March 18thLent's Confrontations
To my dear TFMC family,
One of the things that I appreciate about Lent is how deeply personal it is. Lent is a season of self-reflection. While for much of the year we reflect on our outer walk with Christ — that would be our actions and how they reflect Christ, for example, through peace and justice work and sharing the love of Christ with the world — for Lent, we are asked to attend to the inner spiritual life. This is the one that calls us to draw closer to God and Christ by looking at, reflecting on, and perhaps reconciling aspects of our faith lives which need attention.
As we move closer to the cross of Christ, Jesus' story becomes far more personal. We're invited to not just read the text from a distance, as a narrative; instead, we're called to enter the story. For example, in the Gospel of John, we're invited to follow along with the 'unnamed disciple' as they move through Jesus' passion.
This means that we get to reflect on what it means to be both human and a follower of Jesus.

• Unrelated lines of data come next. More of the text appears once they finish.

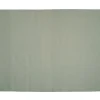 Rainbow Matta | Mint 140x200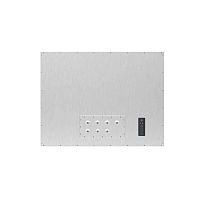 R15L100-SPC3-B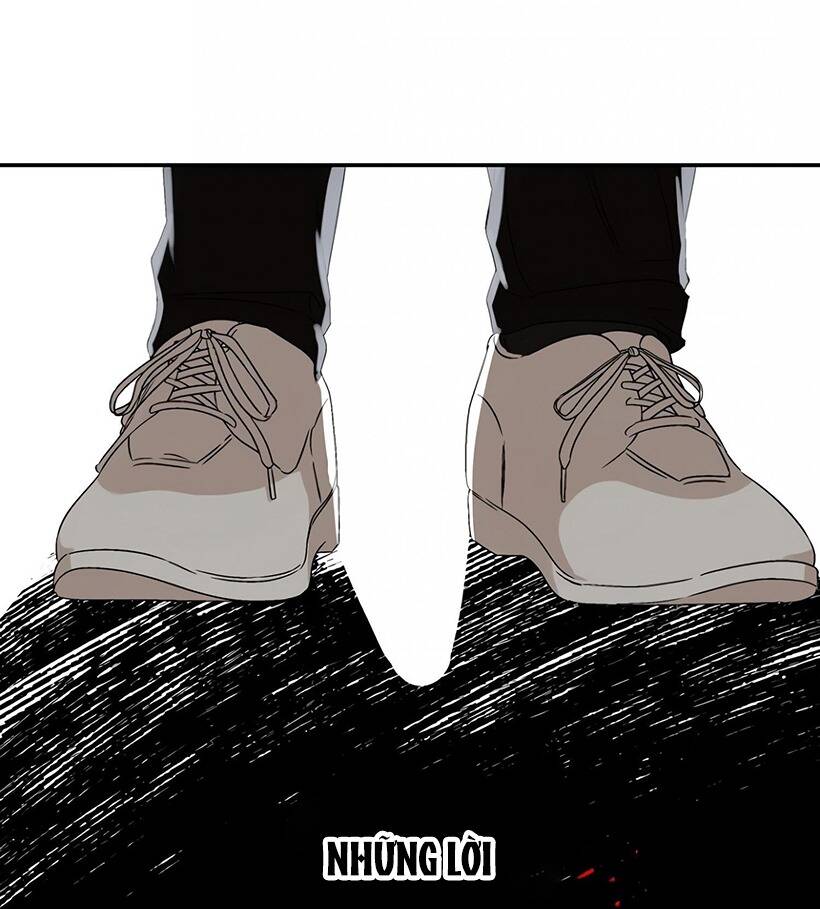 Người Lạ Chapter 7 - 53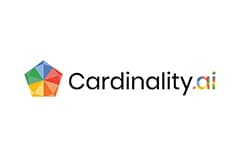 Cardinality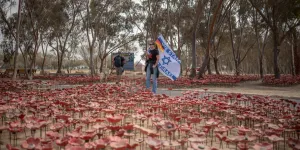 "Inertie et aveuglement" : pourquoi le renseignement israélien a été incapable d'anticiper le 7 octobre 2023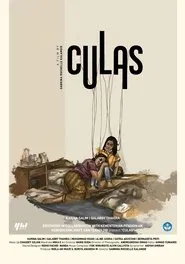 Culas movie poster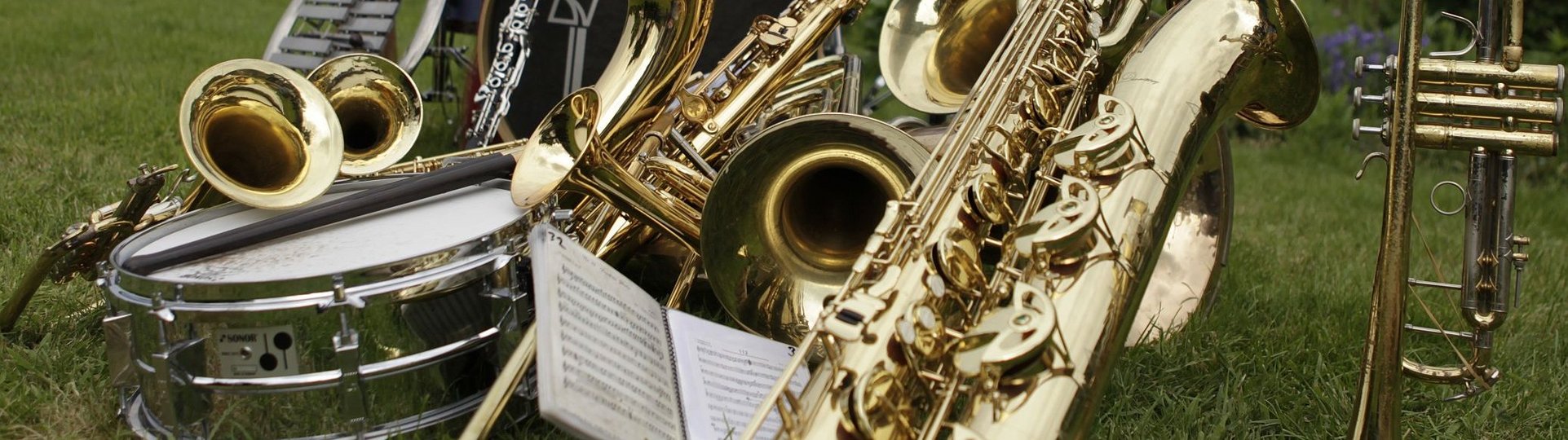 Willkommen auf unserer neuen Website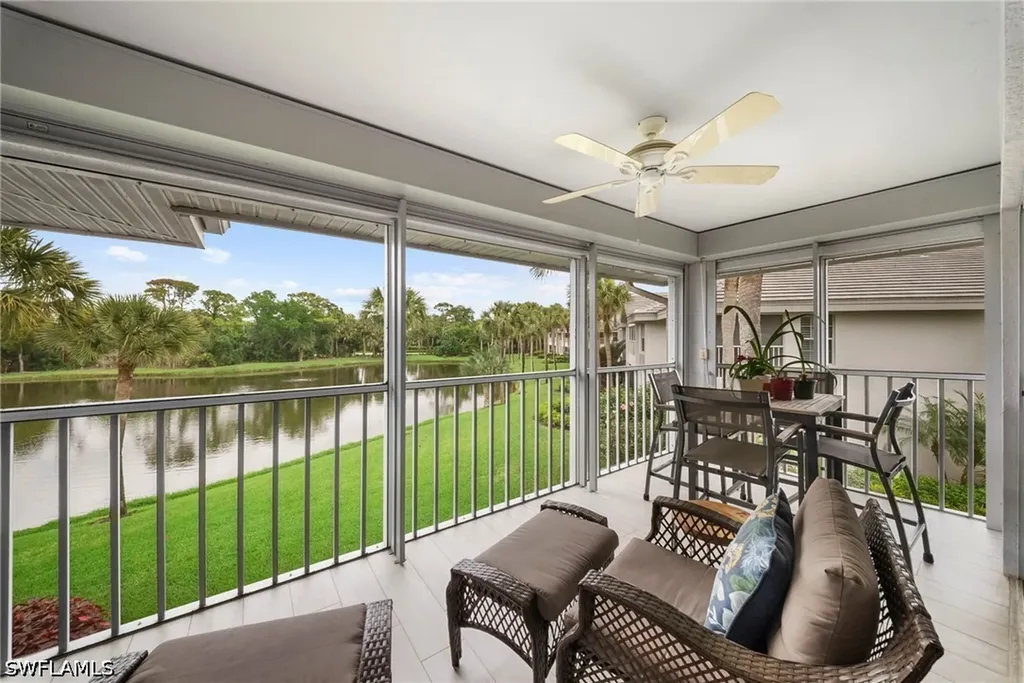 4140 Lake Forest Drive Bonita Springs FL 34134
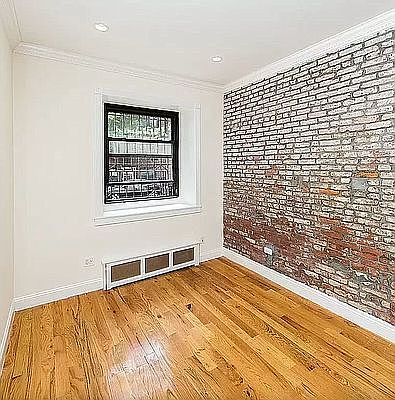 2nd image of 443 E 78th St #1H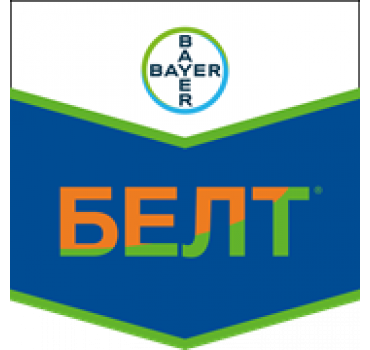 Белт 480 SC - інсектицид, Bayer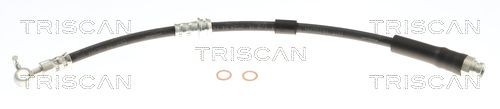 TRISCAN Brake hose Article number: 8150 50146 cheaply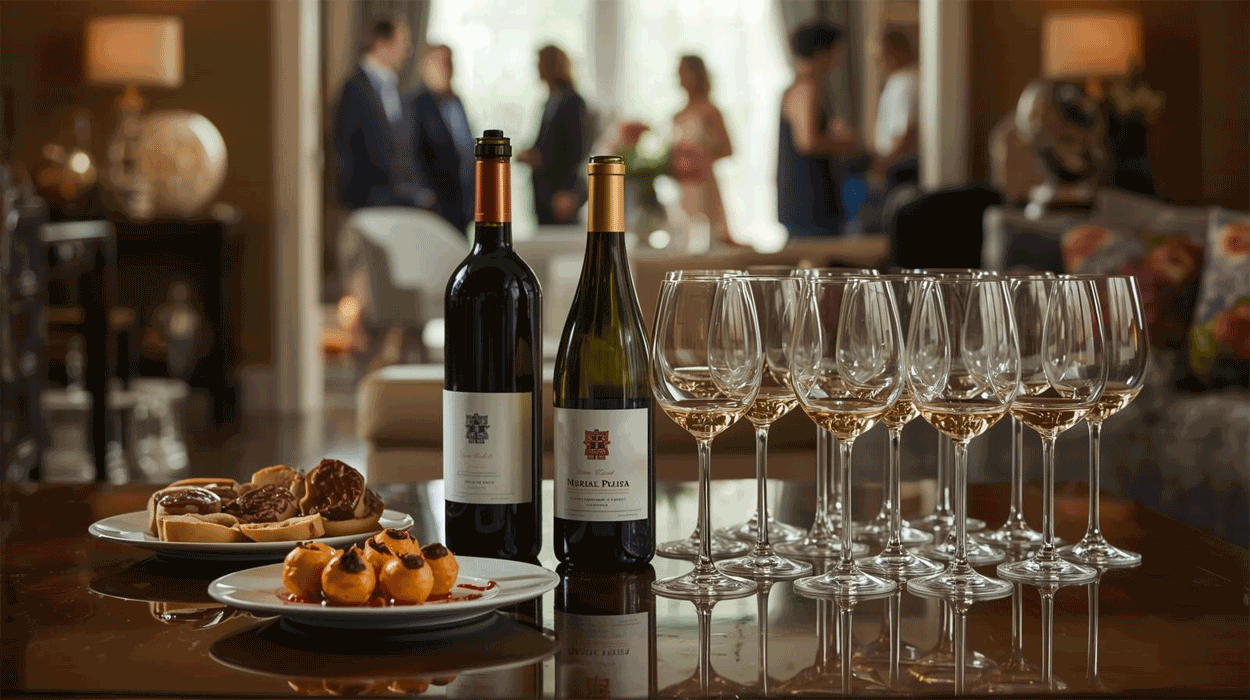 Top Monthly Wine Subscriptions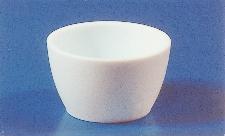 VWR® PTFE Crucibles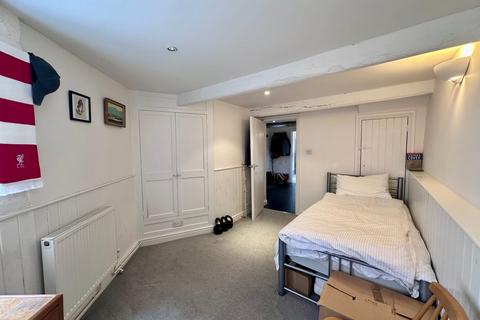 2 bedroom end of terrace house for sale, Worcester Road, Ledbury, HR8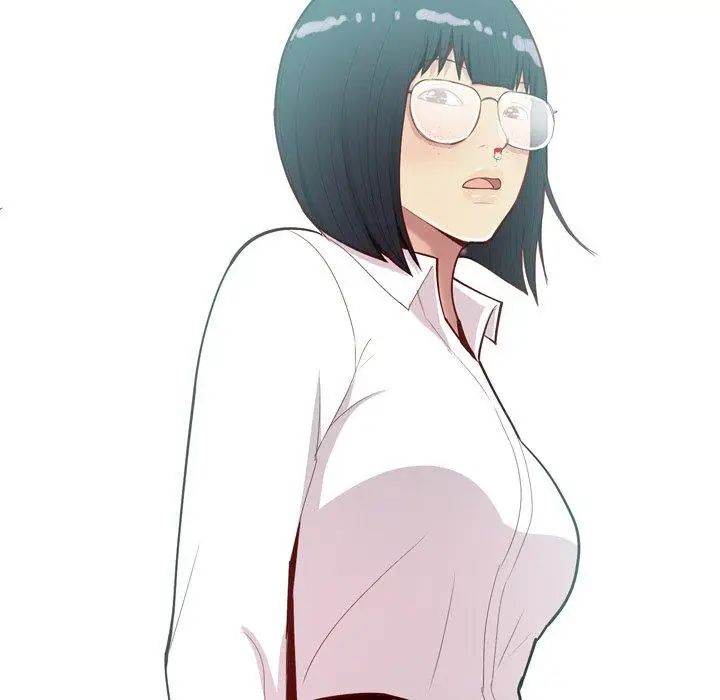 恋爱前奏曲:归来第34话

Lent confronts us with our limitations and frailty. In Lent, we say we believe and know, but we don't completely. Lent confronts us with the ideal which we strive for and the reality of how we live. In Lent, we're asked: Aren't you one of his followers? And we're pressed to respond.
Lent challenges our notions of power and where it comes from. Lent holds up kindness, compassion, and generosity — weak by the world's standards, but powerful by Christ's — pushing us to testify to whose kingdom we pledge allegiance. Lent forces us to look at how we participate in injustices in the world around us. Are we complicit? Are we speaking up, or speaking out? Why or why not? Lent asks us: when Jesus is hung on the cross, where are we? Are we present to suffering? Have we hidden from horror? Do we weep with those who weep? Might we sit with those in power and privilege?
Again, I've appreciated how we're working our way slowly to the cross, not moving to it in one week, but stretching out a week to a whole season. In this way, we're given space to consider our place in the story. We're given the opportunity to wrestle with, to struggle with, to reconcile, perhaps, the dissonance which we live with.
Lent ends, not with the celebration of Easter, rather with the death of Christ on the cross. Lent ends at the lowest point for the journey of the faithful, with Jesus dead and the disciples scattered. This is the final challenge of Lent: to confront our own mortality, not in the sense of "where am I going after I die," but rather to face the reality that, "I am going to die." And while we know, with the gift of very long hindsight, that death is not the end, it's still a gift to be able to face these facets of our lives on an annual basis.
For this, I am truly grateful for Lent.